═════ The data ═════

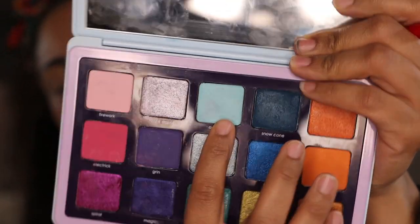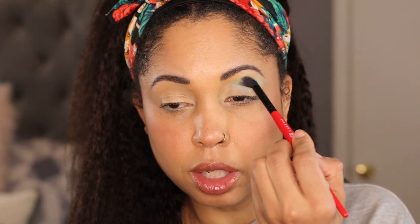The first two looks I'd like to do are going to be for the person who looks at a palette like this and does not know where to begin. We're going to try to stick with colors that are in the same family so that the look is cohesive. The first look is going to be a blue look, so we're going to start with this light blue matte shade as a transition.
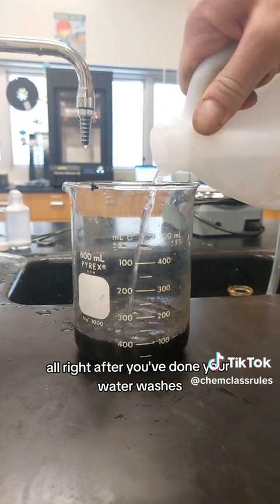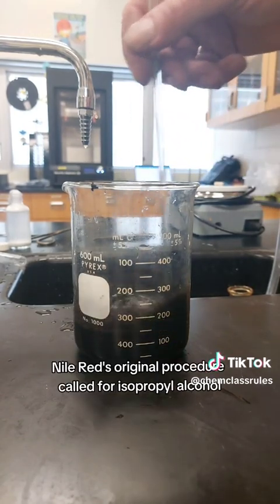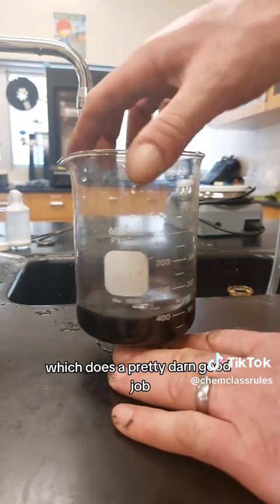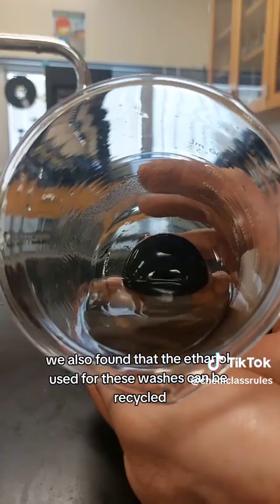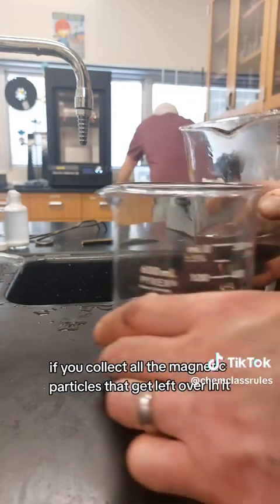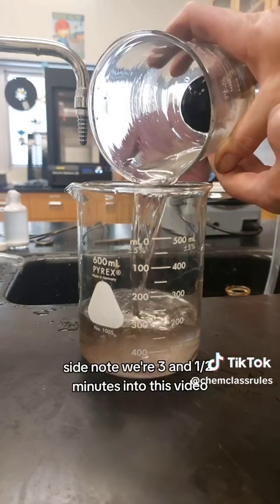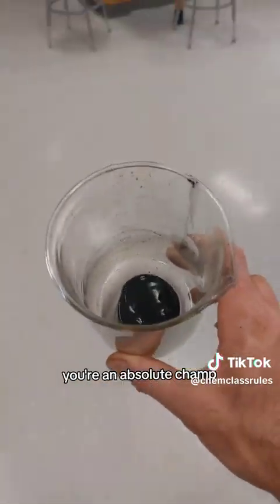After you've done your water washes, you're going to wash with alcohol a few times. Nile Red's original procedure called for isopropyl alcohol, but we found ours to be a little short in supply, so we're just using ethanol here, which does a pretty darn good job. We also found that the ethanol used for these washes can be recycled if you collect all the magnetic particles left over in it and filter it afterwards. Side note — we're three and a half minutes into this video, so if you're still watching, you're an absolute champ.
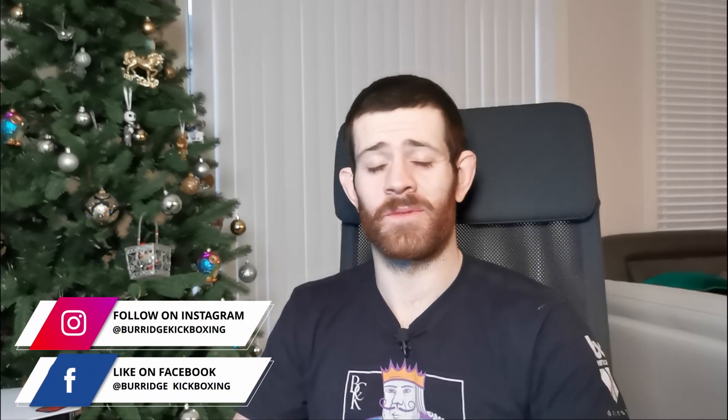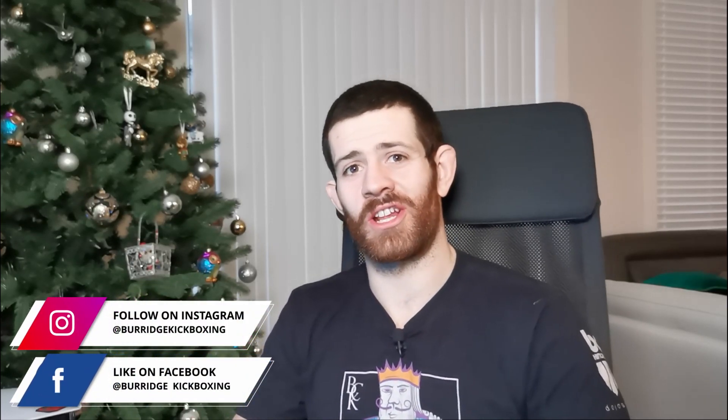G'day guys, welcome back, Max here. Today I thought it'd be fun to watch the dojo fight scene from Fist of Legend starring Jet Li. In the last video we watched the Bruce Lee dojo fight from Fist of Fury, and for those of you who don't know, Fist of Legend is a remake of that movie starring Jet Li rather than Bruce Lee. You guys have been requesting Jet Li a lot lately in the comments, so I thought it'd be really fun to do both of these scenes one after the other and see what we think.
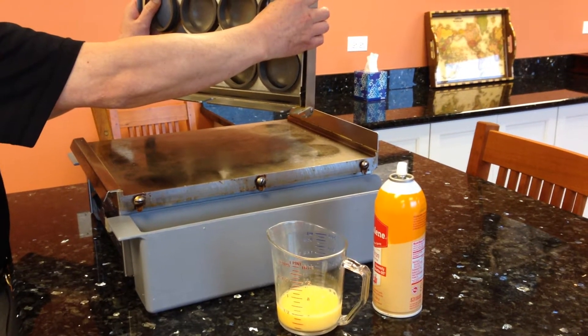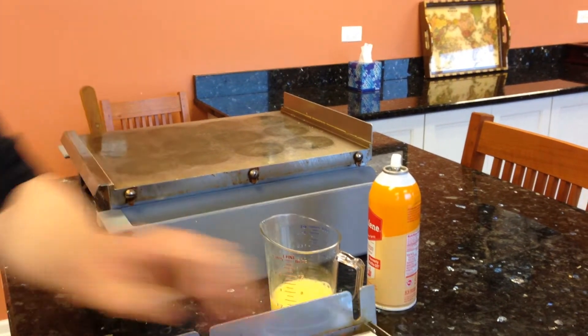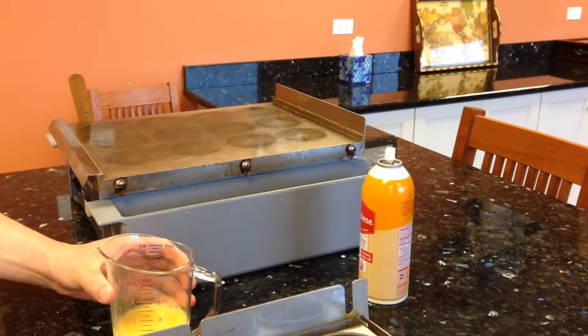We're removing the top rack and ring assembly, and we are now going to scramble about four ounces of liquid egg, equivalent to two large fresh eggs.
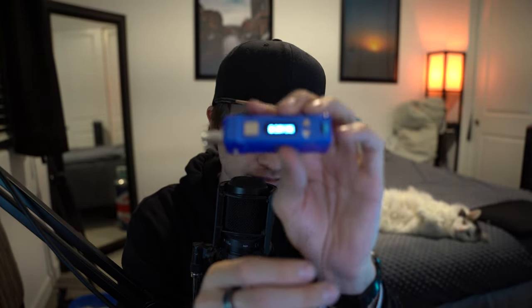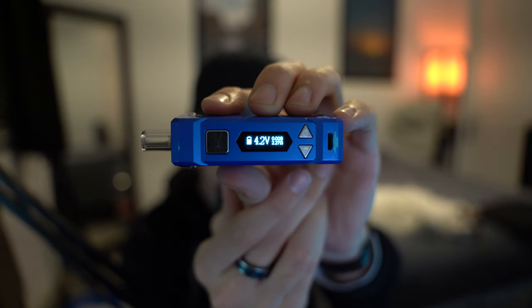Variable temperatures with an insane range — it goes all the way down to two volts, which is pretty low, and I don't know anybody that actually hits distillate at two volts. But then it goes all the way up to 4.2 volts, which is very hot.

═════

Task requirements: Once you find the line containing "After you've done", retype it and every line after it through the last line of the records above, exactly. Add nothing else, and leave out the pictures.

Answer space:
After you've done your water washes, you're going to wash with alcohol a few times. Nile Red's original procedure called for isopropyl alcohol, but we found ours to be a little short in supply, so we're just using ethanol here, which does a pretty darn good job. We also found that the ethanol used for these washes can be recycled if you collect all the magnetic particles left over in it and filter it afterwards. Side note — we're three and a half minutes into this video, so if you're still watching, you're an absolute champ.
G'day guys, welcome back, Max here. Today I thought it'd be fun to watch the dojo fight scene from Fist of Legend starring Jet Li. In the last video we watched the Bruce Lee dojo fight from Fist of Fury, and for those of you who don't know, Fist of Legend is a remake of that movie starring Jet Li rather than Bruce Lee. You guys have been requesting Jet Li a lot lately in the comments, so I thought it'd be really fun to do both of these scenes one after the other and see what we think.
We're removing the top rack and ring assembly, and we are now going to scramble about four ounces of liquid egg, equivalent to two large fresh eggs.
Variable temperatures with an insane range — it goes all the way down to two volts, which is pretty low, and I don't know anybody that actually hits distillate at two volts. But then it goes all the way up to 4.2 volts, which is very hot.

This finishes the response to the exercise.